Posted on July 19, 2020 17:10

8 users

If you allow the fear of failure to stop you from beginning, you have already chosen failure.

I have no idea how to start this article, but even this nervous and unassured beginning is exactly that: a beginning. Regardless of whether it was attention-grabbing and insightful or the nervous ramblings of a victim of anxiety, it was a start.

Anyone who has ever had the wonderful displeasure of writing can understand the feeling: staring at a blank screen trying to work up the courage to begin. It is that blank screen that can be oh so dangerous as it welcomes all the daunting thoughts, "What if it sounds stupid?", "What if it's not good enough?", and "What if you're not good enough?" And so, the spiral tightens, deadlines approach and the anxiety heightens.
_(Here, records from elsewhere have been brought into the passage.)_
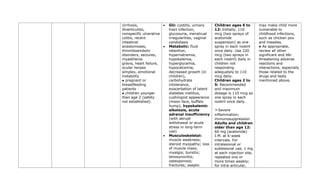 cirrhosis,
diverticulitis,
nonspecific ulcerative
colitis, recent
intestinal
anastomoses,
thromboembolic
disorders, seizures,
myasthenia
gravis, heart failure,
ocular herpes
simplex, emotional
instability
● pregnant or
breastfeeding
patients
● children younger
than age 2 (safety
not established).
• GU: cystitis, urinary
tract infection,
glycosuria, menstrual
irregularities, vaginal
candidiasis
• Metabolic: fluid
retention,
hypernatremia,
hypokalemia,
hyperglycemia,
hypocalcemia,
decreased growth (in
children),
carbohydrate
intolerance,
exacerbation of latent
diabetes mellitus,
cushingoid appearance
(moon face, buffalo
hump), hypokalemic
alkalosis, acute
adrenal insufficiency
(with abrupt
withdrawal or acute
stress in long-term
use)
• Musculoskeletal:
muscle weakness;
steroid myopathy; loss
of muscle mass;
myalgia; bursitis;
tenosynovitis;
osteoporosis;
fractures; aseptic
Children ages 6 to
12: Initially, 110
mcg (two sprays of
acetonide
suspension) as one
spray in each nostril
once daily. Use 220
mcg (two sprays in
each nostril) daily in
children not
responding
adequately to 110
mcg daily.
Children ages 2 to
5: Recommended
and maximum
dosage is 110 mcg as
one spray in each
nostril once daily.
➣Severe
inflammation;
immunosuppression
Adults and children
older than age 12:
60 mg (acetonide)
I.M. at 6-week
intervals. For
intralesional or
sublesional use, 1 mg
at each injection site,
repeated one or
more times weekly;
for intra-articular,
may make child more
vulnerable to
childhood infections,
such as chicken pox
and measles.
● As appropriate,
review all other
significant and life-
threatening adverse
reactions and
interactions, especially
those related to the
drugs and tests
mentioned above.
 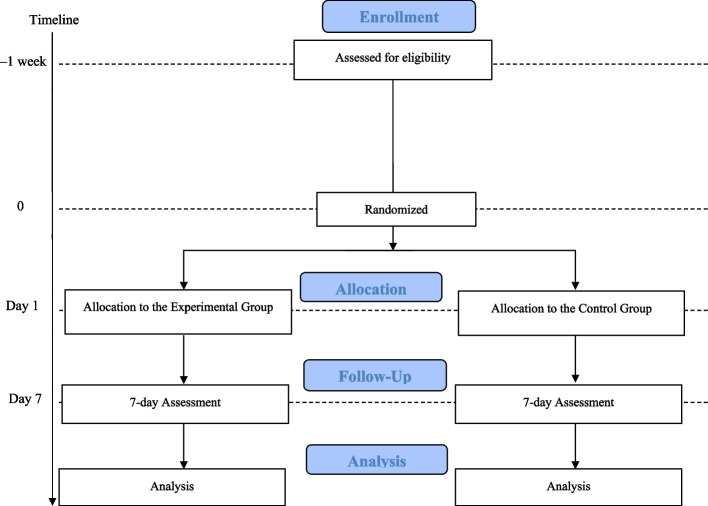 Effects of a video-viewing intervention with positive word stimulation on the depressive symptoms of older patients with cardiac disease and subthreshold depression: a pilot randomized controlled trial protocol.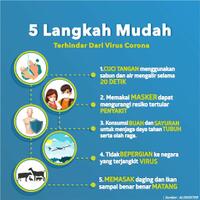 5-cara-mudah-terhindar-dari-virus-corona-covid-19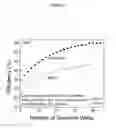 Fig. 15 - Design and Fabrication of Dilute Nitride Material and Multi-Quantum Well Solar Cells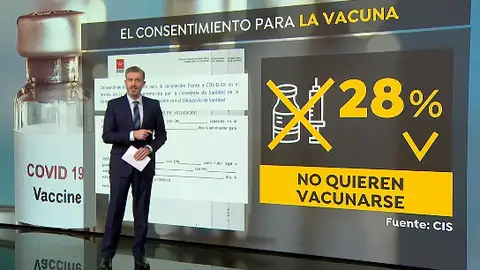El 40,5% de los españoles estarían dispuestos a vacunarse contra el coronavirus frente a un 28% El 40,5% de los españoles estarían dispuestos a vacunarse contra el coronavirus frente a un 28%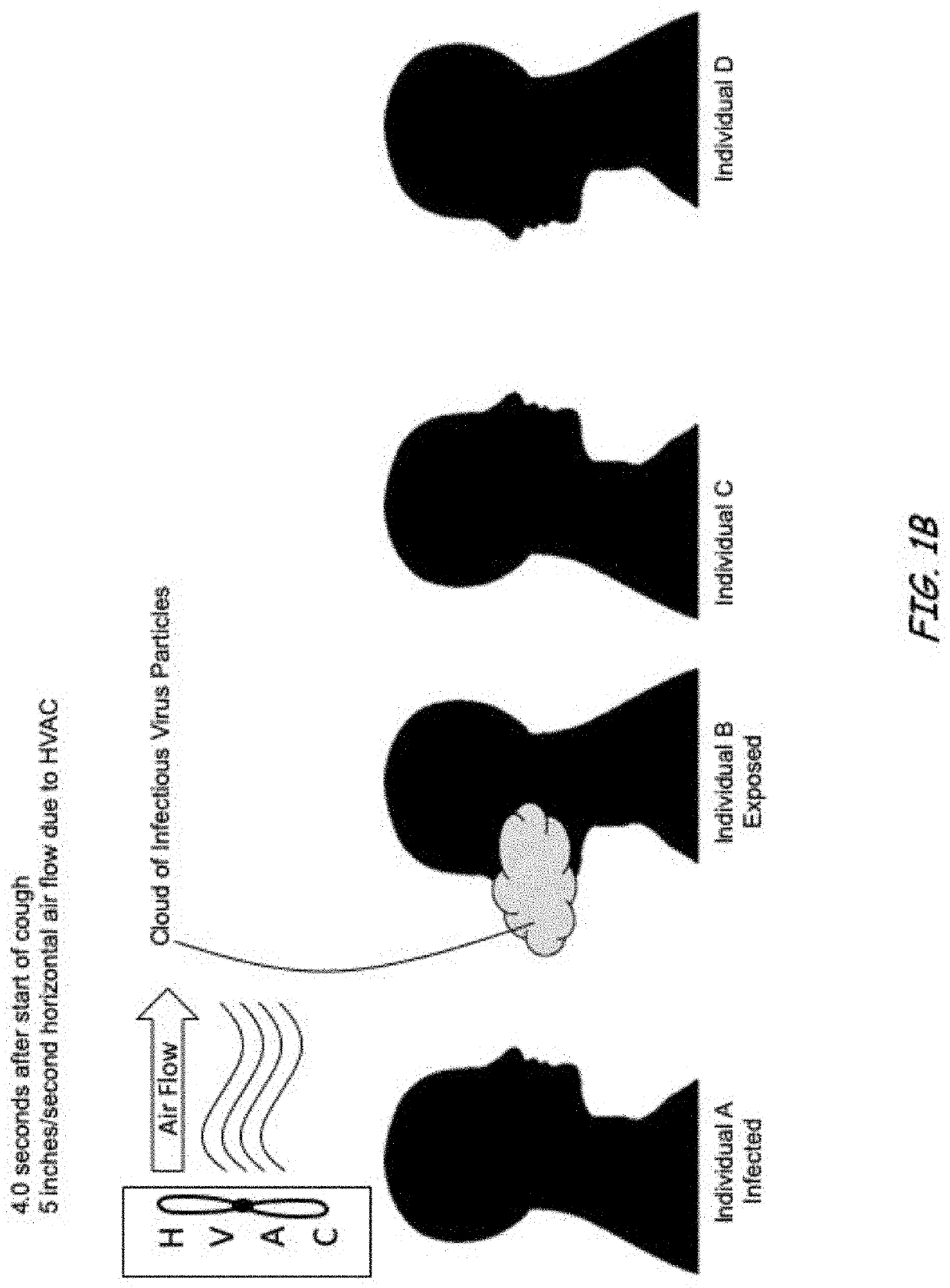 Ventilation system and method for killing airborne infectious bacteria, viruses and other pathogens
As much as I love writing, I often fall prey to this thought spiral, however over time I have learned that the only way to break loose of it is to do the one thing that scares you the most: begin.

While this may not seem like revolutionary advice, it is the only thing that works. So, how do we find the courage to begin?
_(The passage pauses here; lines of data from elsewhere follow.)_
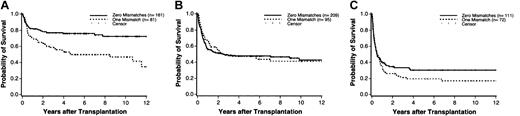 Figure 1. Kaplan-Meier estimates of survival for patients in the low-risk, intermediate-risk, and high-risk disease categories according to the presence or absence of a single mismatch. (A) No deaths occurred beyond 12 years in any group. Among low-risk patients, 12 in the matched group and 4 in the mismatched group have follow-up beyond 12 years and are indicated as censored observations at 12 years. (B) In the intermediate-risk group, 9 patients in the matched group and 8 in the mismatched group have follow-up beyond 12 years and are indicated as censored observations at 12 years. (C) In the high-risk group, 3 patients in the matched group and 1 in the mismatched group have follow-up beyond 12 years and are indicated as censored observations at 12 years.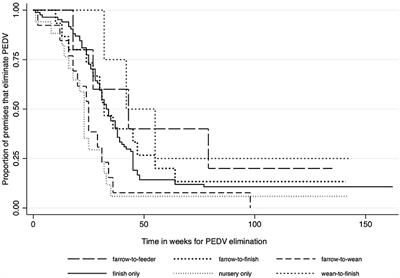 Factors Associated With Time to Elimination of Porcine Epidemic Diarrhea Virus in Individual Ontario Swine Herds Based on Surveillance Data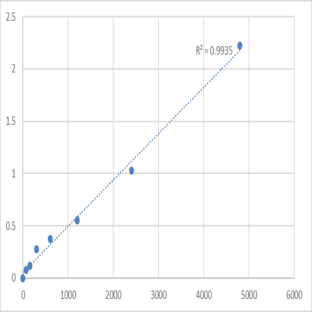 Mouse Neuronal migration protein doublecortin (DCX) ELISA Kit avatar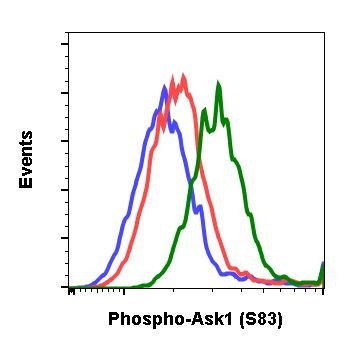 Phospho-Ask1 (Ser83) Antibody in Flow Cytometry (Flow)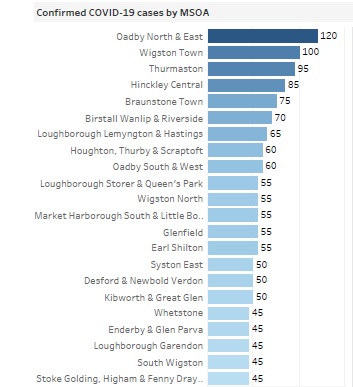 Three areas of Harborough are among 17 parts of Leicestershire with 50 or more cases of Coronavirus - more on Hfm News &amp; here: harboroughfm.co.uk/new-coronaviru…

#marketharborough
#littlebowden
#kibworth
#greatglen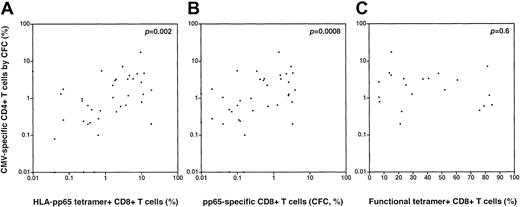 Fig. 4. Correlations between the CD4+ T-cell response to CMV pp65 (by CFC) and measures of the CD8+ T-cell response to CMV. / (A) There is a significant positive correlation between the magnitude of the CD4+ pp65-specific T-cell response (by CFC) and the magnitude of the CMV-specific CD8+ T-cell response by HLA-peptide tetramer staining (p = .002, Spearman) (B) There is a significant positive correlation between the magnitude of the CD4+ pp65-specific T-cell response (by CFC) and the magnitude of the CMV-specific CD8+ T-cell response by CFC following pp65 peptide stimulation (p = .0008, Spearman). (C) There is no significant correlation between pp65-specific CD4+ T cells (by CFC) and the functional fraction of tetramer-staining CD8+ T cells (by assessment of TNF-α production in tetramer-positive cells following cognate peptide stimulation); p = .6, Spearman.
First off, ironically it is about making it seem as if you do not need courage. You do this by making your task seem less scary: reframe it and make it seem smaller in your mind. Write in big letters, "I DON'T KNOW WHAT I'M DOING," at the top of your page, or title your work, "The Nonsense Draft." Basically, give yourself permission to suck. Once you let yourself make mistakes, you alleviate the pressure of writing, and even if your first draft sucks, editing a bad first draft is infinitely more effective than editing a blank screen.

If, however, you cannot find the words, get rid of your blank screen at all costs. Write down anything, whether relevant or not. Write an inspirational quote, or your favorite SpongeBob line, or put a funny picture at the top, do whatever it is you need to do to get rid of that formidable blank screen, even if you cannot replace it with words at the moment.

Lastly, a piece of advice for when you actually begin, write as if you are having a conversation with a person about your ideas. Sometimes talking or rambling is easier than writing. Make your first draft a dialogue or monologue about your piece then edit until you and your writing are both confident.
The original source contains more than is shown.